Patch coverage: 70.05% and project coverage change: +0.23 🎉

Comparison is base (ecff792) 47.93% compared to head (ab95295) 48.17%.

Additional details and impacted files

@@            Coverage Diff             @@
##             main     legend-exp/pygama#484      +/-   ##
==========================================
+ Coverage   47.93%   48.17%   +0.23%     
==========================================
  Files         104      104              
  Lines       12314    12443     +129     
==========================================
+ Hits         5903     5994      +91     
- Misses       6411     6449      +38

Impacted Files	Coverage Δ
src/pygama/flow/data_loader.py	`75.93% <38.46%> (-3.58%)`	⬇️
src/pygama/vis/waveform_browser.py	`71.03% <64.28%> (+1.03%)`	⬆️
src/pygama/lgdo/lh5_store.py	`86.23% <80.53%> (+0.05%)`	⬆️
src/pygama/lgdo/compression/radware.py	`21.53% <100.00%> (ø)`
src/pygama/lgdo/compression/varlen.py	`49.60% <100.00%> (ø)`
src/pygama/lgdo/lgdo_utils.py	`96.36% <100.00%> (+0.36%)`	⬆️

☔ View full report in Codecov by Sentry.
📢 Do you have feedback about the report comment? Let us know in this issue.

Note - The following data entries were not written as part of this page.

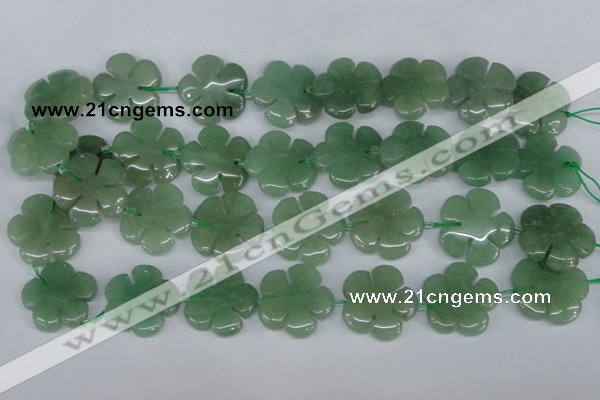 CFG218 15.5 inches 24mm carved flower green aventurine beads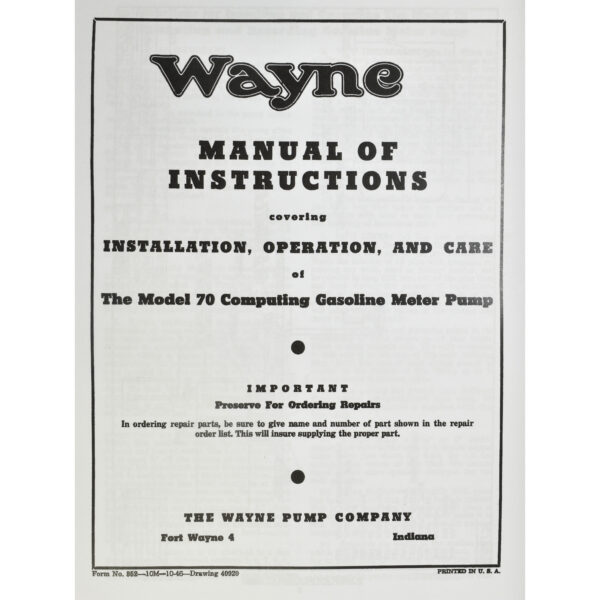 Wayne 70 Parts Manual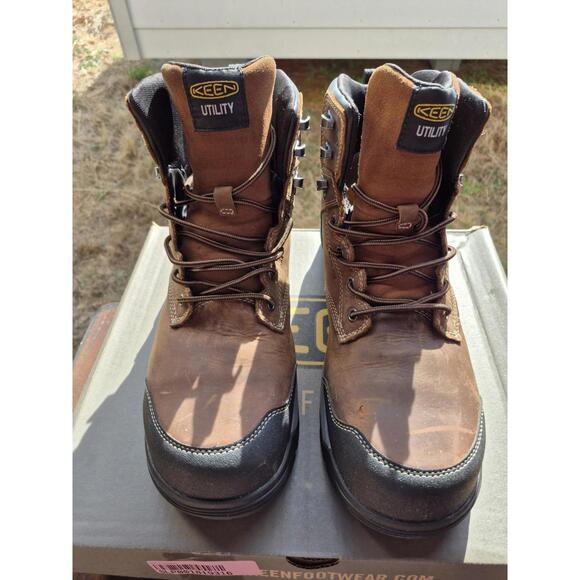 Keen Utility Mens Evanston 6in WP CT Bison/Black Leather Work Boots Size 13 EE - Picture 3 of 9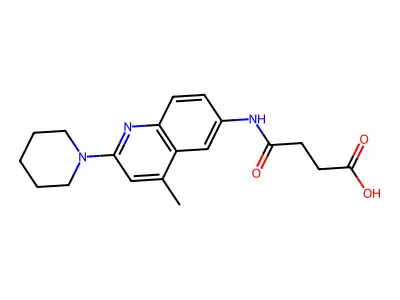 4-[(4-Methyl-2-piperidin-1-ylquinolin-6-yl)amino]-4-oxobutanoic acid structure
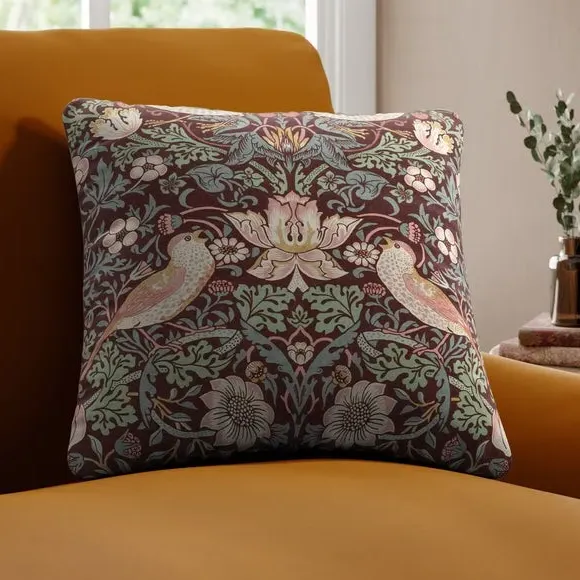 Strawberry Thief Cushion Cover - Merlot, Cotton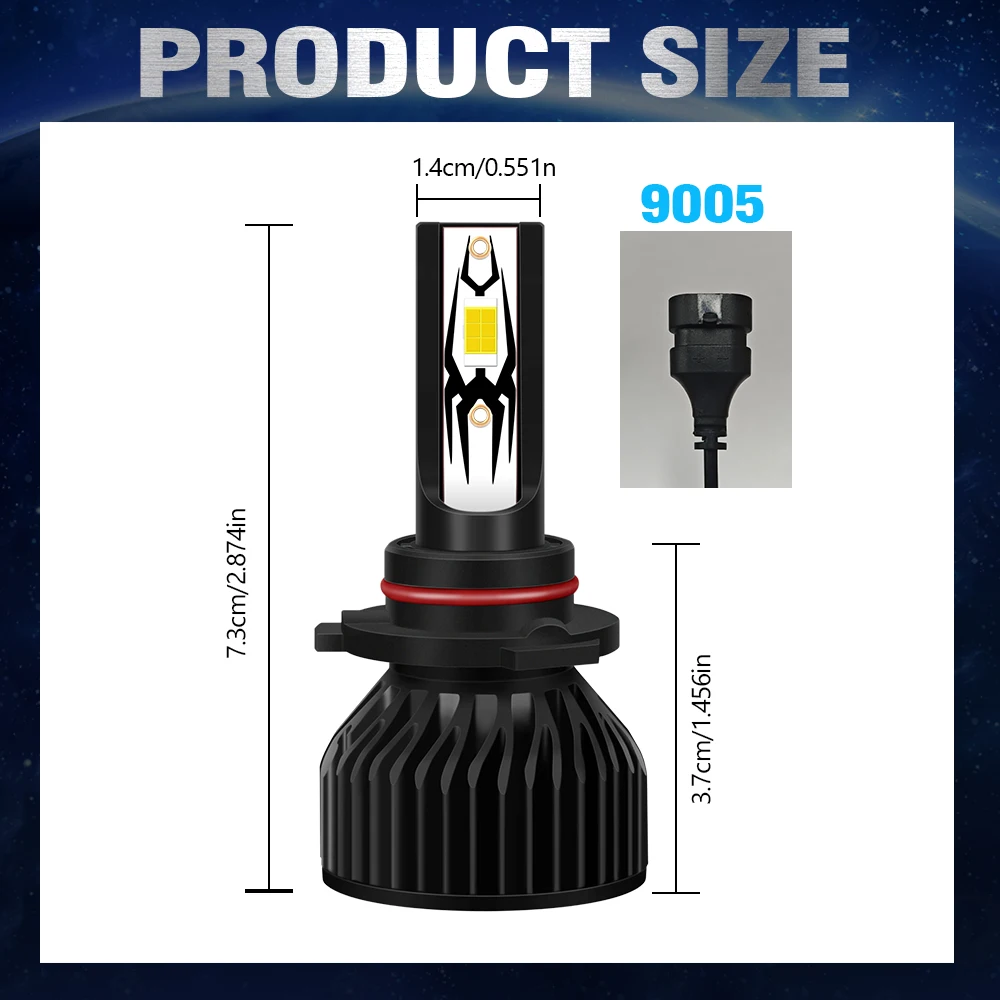 

9005 9006 LED Headlights Canbus Led 3570 CSP LED Headlights Built in Drive Mini Headlamp Universal For DC12V Cars 6000k white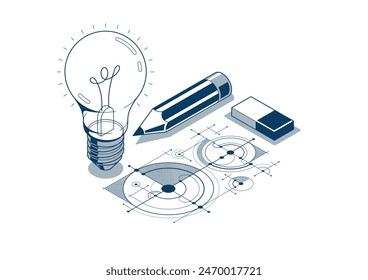 Creative engineering idea concept, light bulb with pencil and engineer blueprint plan 3D isometric vector design, engineering project, education and learning, invention and solution concept.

gipert · 2023-05-02T08:15:13Z

Hi Ian, very nice!

Don't you think we should replace .next() with your .load_iterator()?

some sort of lazy entry_list would be really nice here

I totally agree.

gipert · 2023-05-02T19:10:20Z

Oh, seems like Numba throws a new warning in the latest release...

iguinn · 2023-05-03T01:31:41Z

The error that is currently causing the checks to fail is due to a new warning that appears in numba 0.57.0 (released yesterday). I've submitted a bug report for it: numba/numba#8936. For now, I've added this to the list of numba versions to avoid in setup.

iguinn · 2023-05-03T02:07:34Z

Ok, now that all checks are passing again:

next() and load_iterator() currently aren't exactly the same, since next() returns data formatted as requested by the user, while get_iterator() returns only an LH5Iterator object (which returns lgdo.Table, i_entry, n_entries). It seems like next() will be easier for users, while LH5Iterator might be more useful as an internal function (it would be very useful for skimming files). Another option we could consider is to make the LH5Iterator one of the options for the output of load(). @gracesong312 or @jasondet do you have any thoughts?

Either way, if there are no objections I would suggest merging this quickly, as I think @erin717 is planning on using browse() in her tutorial.

gipert · 2023-05-03T09:39:26Z

In my view, DataLoader should always return LGDOs, which can be later viewed in alternative formats by the user (there is already Table.to_dataframe(), but we should add more functionality in the future, see legend-exp/legend-pydataobj#4). Looks a cleaner interface to me.

In this view, I like very much the idea that .load() returns an LGDO and .next() returns an LH5Iterator chunking the same LGDO.

Anyways, we can always change things at some point in the future, if you like the idea. You can go ahead and merge from my point of view!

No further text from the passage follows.